The Jayhawks landed the 14th seed in the 24-team NCAA Central Regional, which will be played May 8-10 at Karsten Creek Golf Course in Stillwater, Okla. The top eight teams from the regional will advance to the NCAA Championship during May 20-23 in Tulsa.
Before Monday, Kansas’ only appearance in the postseason came in 1990, when the Jayhawks advanced to the NCAA Tournament after winning the Big Eight title. The NCAA regional didn’t even exist then. But O’Neil credited a preseason trip to Ireland with bringing together a team that featured senior leader Meghan Potee and sophomore standout Yupaporn Kawinpakorn.

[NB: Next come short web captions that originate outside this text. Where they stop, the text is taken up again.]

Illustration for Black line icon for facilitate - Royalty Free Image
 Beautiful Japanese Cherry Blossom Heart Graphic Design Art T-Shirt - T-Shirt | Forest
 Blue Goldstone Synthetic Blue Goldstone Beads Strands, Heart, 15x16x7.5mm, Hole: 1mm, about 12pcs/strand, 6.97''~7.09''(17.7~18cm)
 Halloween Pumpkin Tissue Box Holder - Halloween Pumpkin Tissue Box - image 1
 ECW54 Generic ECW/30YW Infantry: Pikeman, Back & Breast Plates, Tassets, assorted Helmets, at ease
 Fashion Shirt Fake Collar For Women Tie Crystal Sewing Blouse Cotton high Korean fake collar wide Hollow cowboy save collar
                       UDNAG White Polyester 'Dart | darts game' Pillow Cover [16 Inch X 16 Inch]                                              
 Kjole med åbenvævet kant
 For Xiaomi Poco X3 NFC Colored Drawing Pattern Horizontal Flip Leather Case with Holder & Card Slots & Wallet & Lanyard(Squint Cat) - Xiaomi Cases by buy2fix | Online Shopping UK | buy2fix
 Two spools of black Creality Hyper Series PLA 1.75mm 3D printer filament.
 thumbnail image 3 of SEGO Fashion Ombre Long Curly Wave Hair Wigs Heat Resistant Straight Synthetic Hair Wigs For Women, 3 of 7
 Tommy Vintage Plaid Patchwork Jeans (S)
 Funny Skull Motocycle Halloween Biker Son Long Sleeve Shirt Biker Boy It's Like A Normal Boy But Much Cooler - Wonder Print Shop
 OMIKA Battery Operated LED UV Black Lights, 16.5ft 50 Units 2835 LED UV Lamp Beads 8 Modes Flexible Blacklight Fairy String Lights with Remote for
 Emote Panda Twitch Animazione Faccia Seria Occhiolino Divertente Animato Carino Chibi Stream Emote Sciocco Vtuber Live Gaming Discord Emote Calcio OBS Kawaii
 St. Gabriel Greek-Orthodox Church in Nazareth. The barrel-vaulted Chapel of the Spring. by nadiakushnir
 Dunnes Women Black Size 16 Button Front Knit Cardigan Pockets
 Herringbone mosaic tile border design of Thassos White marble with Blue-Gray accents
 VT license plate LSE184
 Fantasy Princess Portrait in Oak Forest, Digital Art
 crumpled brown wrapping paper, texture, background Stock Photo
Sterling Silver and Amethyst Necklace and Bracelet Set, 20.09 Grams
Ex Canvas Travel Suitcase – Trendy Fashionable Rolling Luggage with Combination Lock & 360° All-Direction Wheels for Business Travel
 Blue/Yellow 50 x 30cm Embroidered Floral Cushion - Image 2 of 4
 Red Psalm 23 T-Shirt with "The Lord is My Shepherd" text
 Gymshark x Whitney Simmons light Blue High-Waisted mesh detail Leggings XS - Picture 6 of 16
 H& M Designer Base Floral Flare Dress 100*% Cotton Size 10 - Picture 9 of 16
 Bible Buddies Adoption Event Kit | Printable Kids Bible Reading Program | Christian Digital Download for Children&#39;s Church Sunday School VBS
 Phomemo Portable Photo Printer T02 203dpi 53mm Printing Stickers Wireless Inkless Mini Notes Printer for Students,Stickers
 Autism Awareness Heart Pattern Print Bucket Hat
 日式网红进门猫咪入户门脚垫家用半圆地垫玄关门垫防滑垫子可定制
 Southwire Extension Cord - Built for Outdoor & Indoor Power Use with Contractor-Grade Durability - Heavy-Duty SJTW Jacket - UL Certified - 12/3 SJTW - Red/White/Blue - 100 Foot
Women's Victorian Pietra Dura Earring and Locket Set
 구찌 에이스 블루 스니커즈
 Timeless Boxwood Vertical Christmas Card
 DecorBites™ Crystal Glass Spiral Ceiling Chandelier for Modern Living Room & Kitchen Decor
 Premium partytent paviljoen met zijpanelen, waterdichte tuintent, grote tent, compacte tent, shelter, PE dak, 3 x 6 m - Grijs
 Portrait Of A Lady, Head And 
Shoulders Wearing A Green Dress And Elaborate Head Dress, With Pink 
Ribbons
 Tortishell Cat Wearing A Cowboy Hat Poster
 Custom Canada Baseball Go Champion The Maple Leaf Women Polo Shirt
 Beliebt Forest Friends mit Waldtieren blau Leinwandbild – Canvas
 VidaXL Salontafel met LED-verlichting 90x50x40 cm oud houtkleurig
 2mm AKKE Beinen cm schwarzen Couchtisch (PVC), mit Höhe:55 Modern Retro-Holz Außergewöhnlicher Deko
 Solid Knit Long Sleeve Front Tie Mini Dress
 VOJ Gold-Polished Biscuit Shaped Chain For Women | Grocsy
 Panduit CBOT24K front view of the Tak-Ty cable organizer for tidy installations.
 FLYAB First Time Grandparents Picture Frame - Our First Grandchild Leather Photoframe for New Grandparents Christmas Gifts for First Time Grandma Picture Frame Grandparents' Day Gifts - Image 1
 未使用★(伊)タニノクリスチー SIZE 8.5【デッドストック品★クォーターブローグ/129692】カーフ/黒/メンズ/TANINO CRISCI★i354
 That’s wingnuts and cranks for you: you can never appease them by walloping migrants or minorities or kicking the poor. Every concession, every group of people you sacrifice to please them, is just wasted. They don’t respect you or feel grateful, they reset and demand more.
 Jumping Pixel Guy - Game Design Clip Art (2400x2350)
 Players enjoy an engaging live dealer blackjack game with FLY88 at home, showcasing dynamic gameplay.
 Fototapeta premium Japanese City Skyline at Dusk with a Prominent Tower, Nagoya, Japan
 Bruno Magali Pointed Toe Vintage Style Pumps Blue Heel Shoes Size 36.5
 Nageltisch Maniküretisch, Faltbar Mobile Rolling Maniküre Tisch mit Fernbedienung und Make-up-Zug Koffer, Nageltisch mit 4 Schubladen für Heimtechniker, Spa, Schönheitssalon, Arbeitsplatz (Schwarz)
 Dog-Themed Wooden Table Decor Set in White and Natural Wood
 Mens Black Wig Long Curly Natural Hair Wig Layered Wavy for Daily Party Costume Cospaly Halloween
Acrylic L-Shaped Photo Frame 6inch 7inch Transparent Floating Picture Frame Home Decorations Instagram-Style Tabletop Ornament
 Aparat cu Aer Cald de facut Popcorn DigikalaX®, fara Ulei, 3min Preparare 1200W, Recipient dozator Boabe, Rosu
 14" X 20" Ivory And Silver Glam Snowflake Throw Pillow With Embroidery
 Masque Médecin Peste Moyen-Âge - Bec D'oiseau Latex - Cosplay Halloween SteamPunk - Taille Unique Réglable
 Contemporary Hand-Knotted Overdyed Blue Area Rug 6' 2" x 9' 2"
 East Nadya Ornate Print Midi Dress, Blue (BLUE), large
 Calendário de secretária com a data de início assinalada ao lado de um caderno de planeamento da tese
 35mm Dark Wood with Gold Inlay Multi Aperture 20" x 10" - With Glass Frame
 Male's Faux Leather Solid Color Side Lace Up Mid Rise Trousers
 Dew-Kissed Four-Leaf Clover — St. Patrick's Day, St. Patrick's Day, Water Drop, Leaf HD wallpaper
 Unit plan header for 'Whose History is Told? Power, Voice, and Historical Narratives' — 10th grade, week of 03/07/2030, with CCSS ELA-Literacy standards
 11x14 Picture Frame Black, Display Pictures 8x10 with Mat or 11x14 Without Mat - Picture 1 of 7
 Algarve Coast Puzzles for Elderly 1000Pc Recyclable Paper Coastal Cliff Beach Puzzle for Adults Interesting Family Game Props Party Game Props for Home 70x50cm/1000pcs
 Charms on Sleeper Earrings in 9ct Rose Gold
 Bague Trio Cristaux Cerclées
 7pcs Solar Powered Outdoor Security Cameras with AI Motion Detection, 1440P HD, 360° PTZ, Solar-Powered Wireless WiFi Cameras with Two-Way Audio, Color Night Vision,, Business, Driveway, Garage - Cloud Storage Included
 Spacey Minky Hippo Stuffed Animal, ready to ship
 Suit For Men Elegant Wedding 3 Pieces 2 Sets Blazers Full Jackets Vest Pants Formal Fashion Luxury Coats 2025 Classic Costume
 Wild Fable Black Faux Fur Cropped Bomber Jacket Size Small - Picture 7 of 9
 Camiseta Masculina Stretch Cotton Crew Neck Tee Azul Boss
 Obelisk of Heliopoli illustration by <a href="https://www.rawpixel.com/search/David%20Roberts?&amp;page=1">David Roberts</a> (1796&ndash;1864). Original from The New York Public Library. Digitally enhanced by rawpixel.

“I’m really proud of the young ladies and the coaching staff,” KU athletic director Sheahon Zenger said. “These were the goals we talked about three years ago and they have certainly moved the bar higher and we couldn’t be prouder of them.”
Kawinpakorn finished tied for second at the Big 12 Championship last weekend, leading the Jayhawks to a tie for fourth. It was their best conference finish since 1992. As a team, the Jayhawks finished 22 over par at the three-day event.
“It’s the first time for us and it’s an amazing feeling,” Kawinpakorn said. “We have been so ready for this. We believe in ourselves. Sometimes it’s hard to predict what’s going to happen, but we are happy to be where we are at.
“I wouldn’t celebrate just yet. Our job is still far from done.”